Note août 2013 : C’est le Chef du Latanier qui nous a appelé, répondant à l’annonce qui paraît avec la rubrique. Bien entendu nous ne lui avons pas dit quand nous viendrons. Nous avons attendu deux mois avant de nous y rendre. Et c’est la première fourchette d’or de cette année !

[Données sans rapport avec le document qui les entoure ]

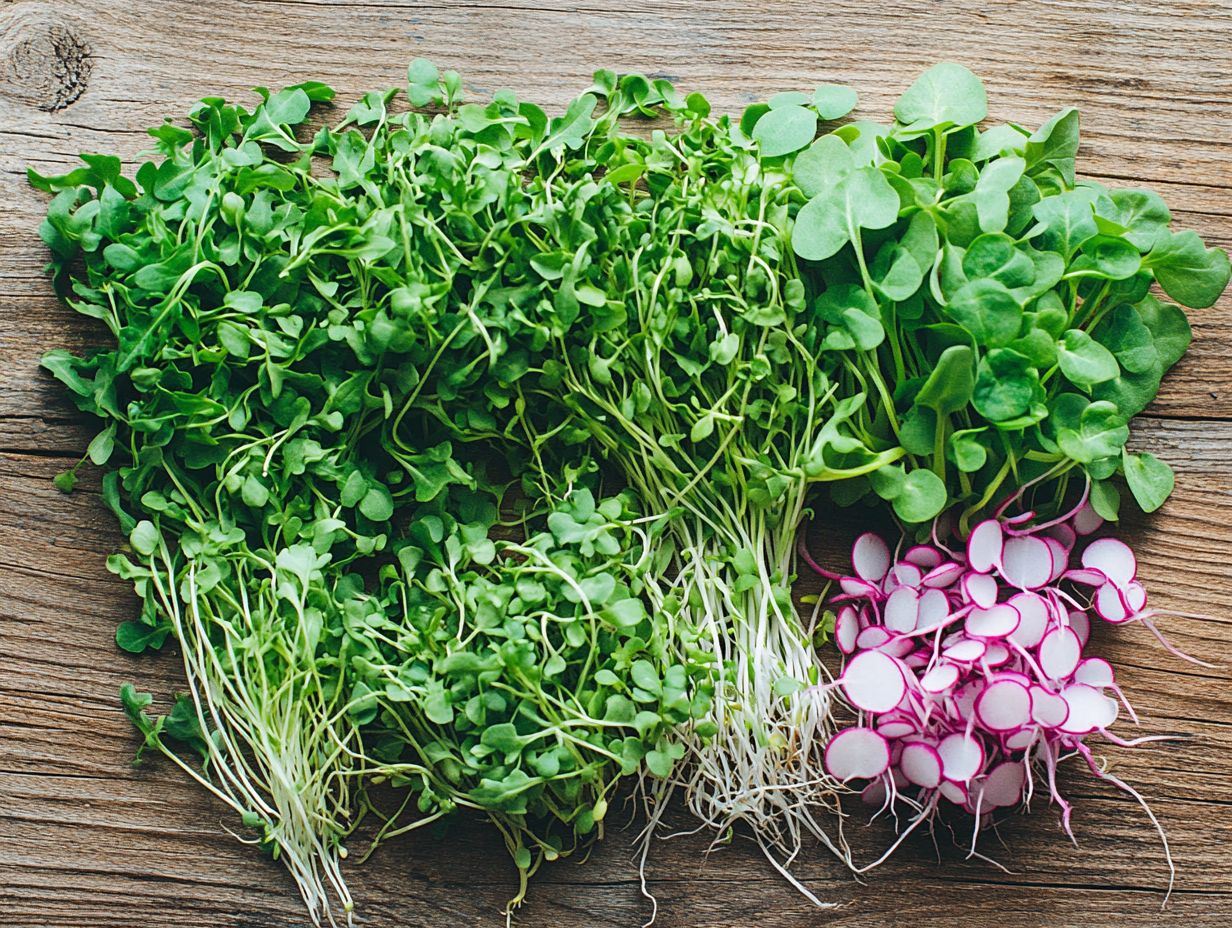 Colorful array of microgreens showcasing their health benefits.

Commentaire Août 2014, par Christelle : « C’était cher on le savait au départ, et franchement il y a vraiment du laissez aller dans ce cas. Le buffet d’entrée c’était bof, rien d’original, un truc vite fait qu’on peut tous faire chez soi (i vaut pas les oeufs mimosa de ma belle mère) … j’ai pris un carry d’espadon et mes hommes un rougail saucisse fumées, les gros pois étaient hyper salés, rougail saucisse trop salé aussi et un peu gras, le carri espadon manque de goût et d’épices et tant qu’au buffet des desserts (mon dieu seigneur) c’était franchement pas bon du tout, je n’ai pas un super palais mais quand je dis que c’est pas bon ben ça ne l’est pas. Les tartes choco et coco : on dirait du surgelé (pâte pas croustillante, toute molle), l’espèce de truc qui ressemblait à un tiramisu avec une fraise dessus qui était un peu passé, pas de goût fait avec une crème pâtissière un peu de cacao et hop envoyé c’était pas bon, un gâteau dont je n’ai pas trouvé le parfum (je me suis demandé si c t pas un gâteau do lo) : génoise baignant dans son sirop sans goût avec une crème pâtissière pas bonne (ça existe encore ce genre de gâteaux ?), un gâteau péi dont je n’ai pas réussi à trouver ce que c’était : hyper sec, baignant dans un truc qui ressemblait à une crème anglaise avec plein de sirop sur le dessus. Bref, on s’est dit ça vaut une fourchette en plastique, on aurait dû aller manger chez Jo à manapany … »

Et vlan !  Il semblerait en effet que depuis la qualité a baissé.